A basic breakdown of double sinawali.
Double sinawali comprises one of the four basic sinawalis taught in Modern Arnis (the others being single, heaven and reverse) and, for a beginner, takes a fair bit of coordination.
There are a number of benefits to training any of the sinawali patterns.
- First, sinawali training promotes ambidexterity as both hands are involved.
- Secondly, sinawali drills develop eye-hand coordination, which will increase the learning curve when delving into the applications.
- Thirdly, sinawali drills help to develop wrist, arm and elbow strength.
- Lastly, done correctly, the sinawalis help to develop an awareness of your centerline and your core. This will develop with power striking.
In my classes, there are 5 basic ways to practice double sinawali.
(1) Basic pattern: focus on the pattern itself without regard to lower body movement. This helps to develop some basic skill. It is enough for some folks to learn just the stick weaving pattern. For this reason, I do not add the footwork until they have competency with the upper body. For example, a common error is not to complete the first stick of the double sinawali as seen in this video.
(2) Add basic footwork: In the video above, I did not demonstrate the footwork as I wanted to focus only on the weaving pattern.
The basic footwork is pretty simple.
Step forward with the same side as the first strike.
First move on the right side = right foot forward.
First move on the left side = left foot forward.
(3) Sideways movement: Once the basic footwork has been established, have both partners move sideways from one end of the room to the other end. This establishes the basic skill of movement through space while engaging in double sinawali.

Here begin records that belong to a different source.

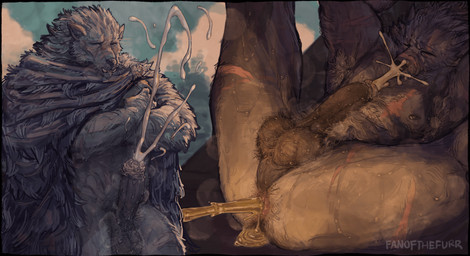 abs after_anal anal_hair anthro anus arm_scar armpit_hair asian_clothing balls big_penis biped blue_cape blue_clothing bodily_fluids body_hair butt cape chest_scar clothing colored_cum crossed_arms cum cumshot east_asian_clothing ejaculation erection exclamation_point eyes_closed facial_scar fangs fundoshi fur genital_fluids genitals glans grey_body grey_fur hairy_balls hands-free humanoid_genitalia humanoid_penis japanese_clothing leg_scar lying male mature_anthro mature_male muscular muscular_anthro muscular_male navel nude_anthro nude_male on_back penis perineum scar smegma snout snout_scar solo spread_legs spreading sweat sweaty_body teeth underwear unusual_bodily_fluids unusual_cum unusual_genital_fluids urine urine_fart urine_from_ass urine_in_ass vein veiny_penis watersports yellow_cum fanofthefurr elden_ring fromsoftware blaidd_(elden_ring) canid canine canis mammal wolf 2026 digital_drawing_(artwork) digital_media_(artwork) english_description hi_res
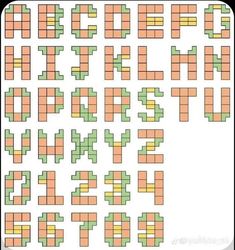 an image of some type of pixel style pattern on a white background with orange and green squares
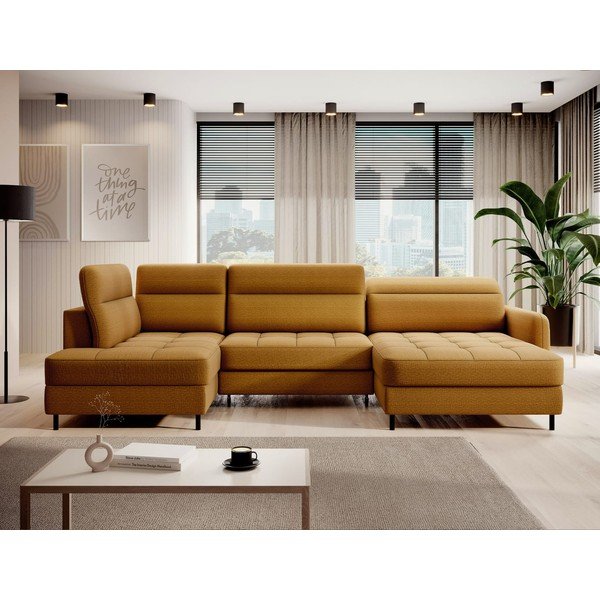 Żółty aksamitny rozkładany/ze schowkiem narożnik (lewostronny/w kształcie litery U) Berrto – ELTAP-image-1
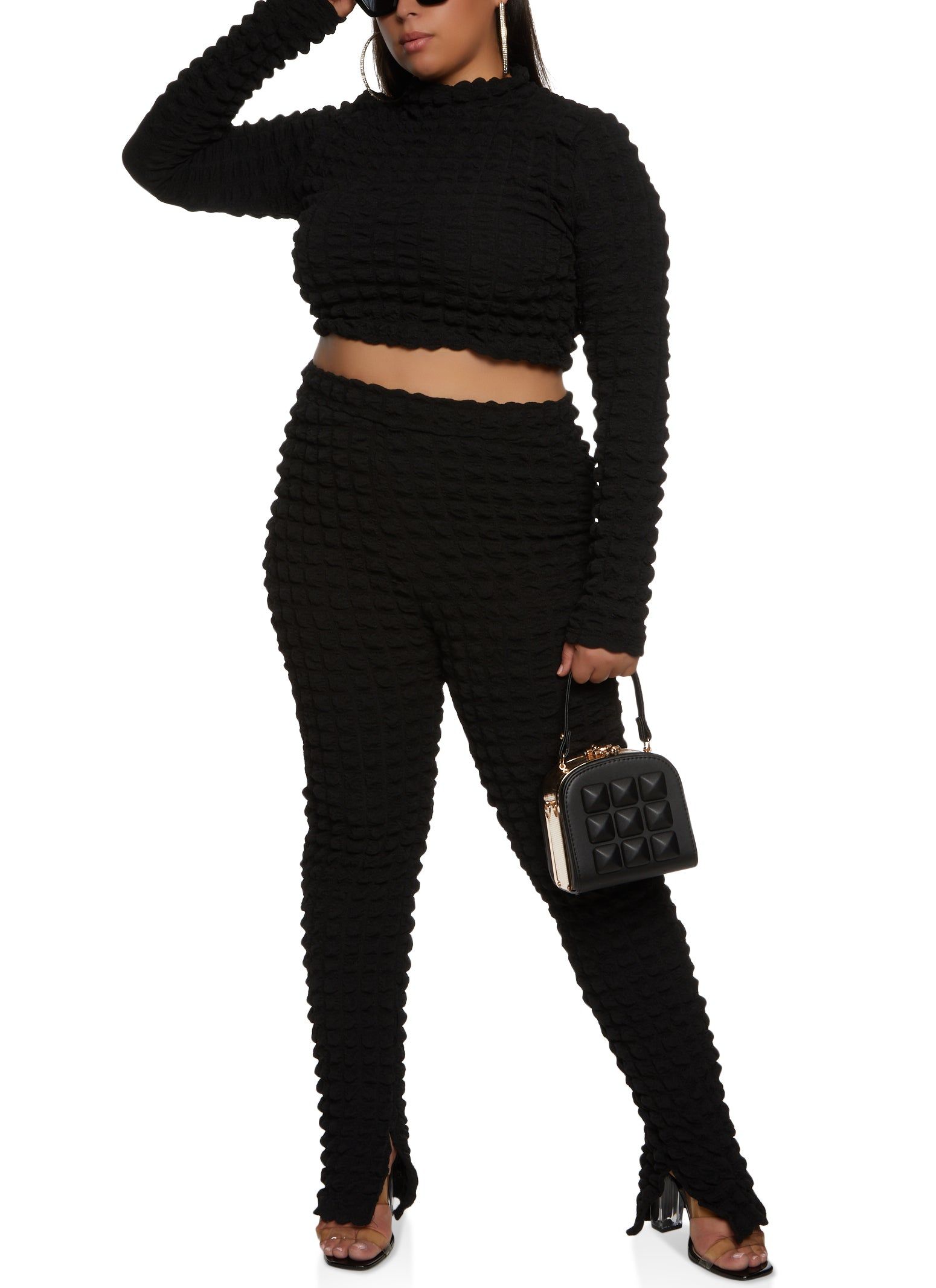 Plus Size Bubble Knit Long Sleeve Crop Top sold by Rainbow product image thumbnail 2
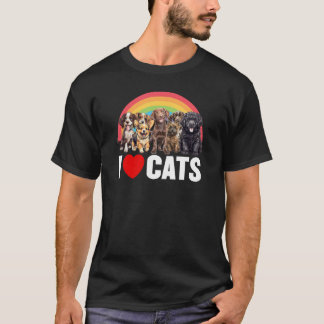 猫好きって言う犬レインボー犬 Tシャツ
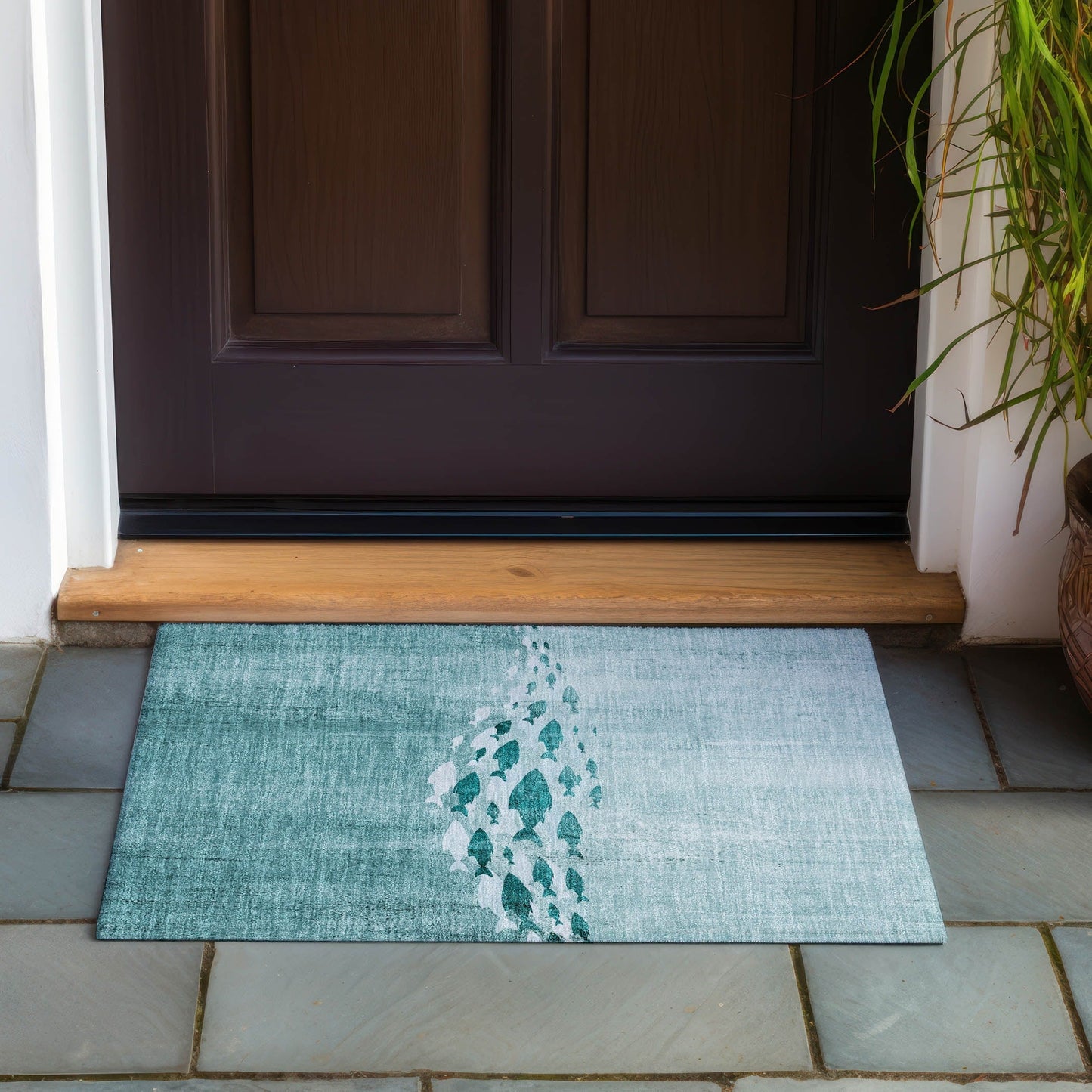 Machine Washable Indoor/ Outdoor Chantille Modern Sea Life Rug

(4) Moving around the room: Once the partners get the sideways movement, challenge them further by having them move around the room randomly. This keeps both parties on their feet in terms of judging proper distance and range.
(5) Up and down: In this relatively challenging version, one partner performs double sinawali while going to their knees and then getting back up. Then the other partner does the same thing. Both sides alternate. This results in a great leg workout while focusing on double sinawali.
There are other ways to practice double sinawali.
Regardless, (3), (4), and (5) are great ways to improve your mobility and agility while maintaining focus on the weaving pattern of double sinawali.
Over to the instructors, tell me how you have your students practice double sinawali?